Approaching women is not the easiest thing to do for most guys. When I say approaching a woman, I'm not just talking about walking up to her and saying hi and then walking away. I mean being able to walk up to her, get her talking and flirting back and forth with you and hopefully being able to land a date with her if she happens to be single. That's what most men seem to have a lot of trouble with and if you don't ever get to a point where you can approach a woman and get some sparks flying between you and her, there is a good chance that you are going to end up being single and frustrated.

So, in order to get the approach down right, you really should know some mistakes that men make quite a bit that you can avoid so that you do end up making a good first impression. Remember, in most situations, that first impression is ALL that you get. It's good to make sure that you do get it right.

Here are 3 mistakes that men make quite frequently when they approach a woman that you don't want to make:

1) They walk up to a woman looking like they have no confidence at all and they expect her to reject them.

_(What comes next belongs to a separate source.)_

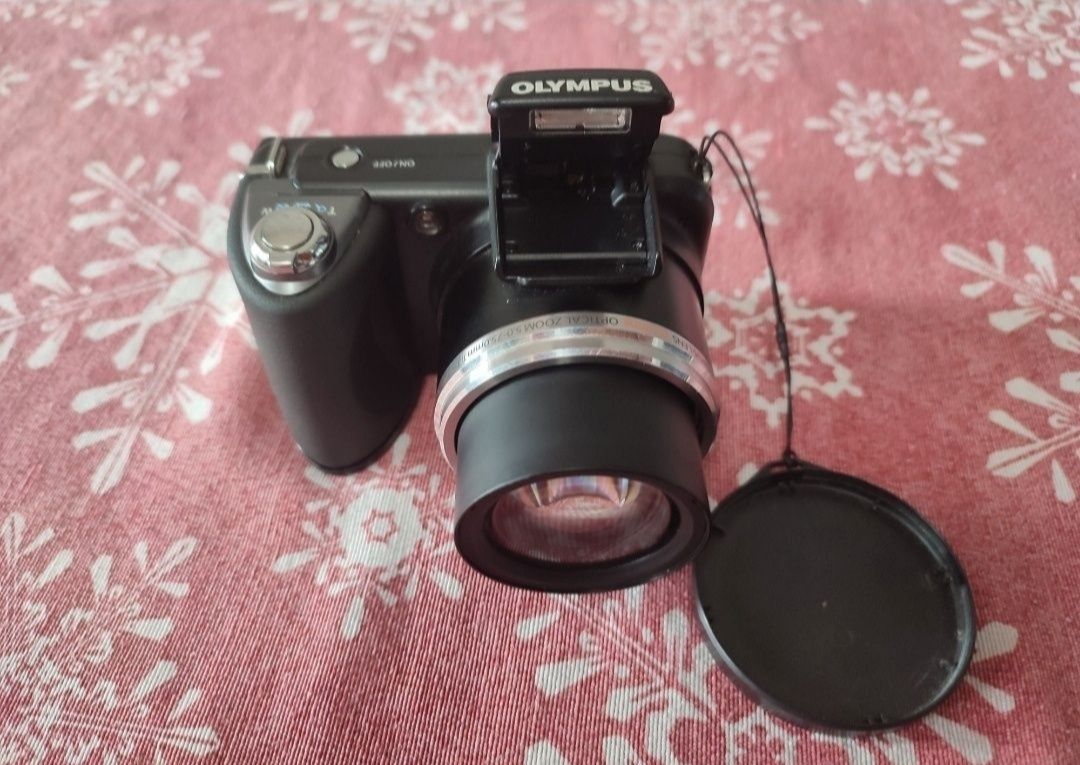 Olympus SP-600UZ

You see this happen all of the time at clubs and bars. A guy will push himself to make an approach, or his friends will egg him on, but he doesn't really have the confidence that things will go well. So, as he walks over to that woman, his body language is saying that he expects her to reject him and that is an impression that you don't want to give off. Walk with confidence and assume that you DO have a chance with her.

2) They use an opener that screams out, I'm trying to pick you up.

Outside of those cheesy frat boy style movies, coming across like you are trying to pick up a woman is almost always going to be a big mistake. That doesn't mean that you shouldn't try to pick up a woman, it just means that it can't come across like that is what you are trying to do. Use an opener that makes it seem like you really want to talk to her and get to know her.

3) They don't know how to transition beyond the opener.

You can't just approach a woman and drop a line on her and then expect that you've done enough to make her want to go out on a date with you. You have to be able to move beyond the opener and build both attraction and rapport with your conversation. Otherwise, the odds that you will be going out with her or at least getting her number are not that good at all.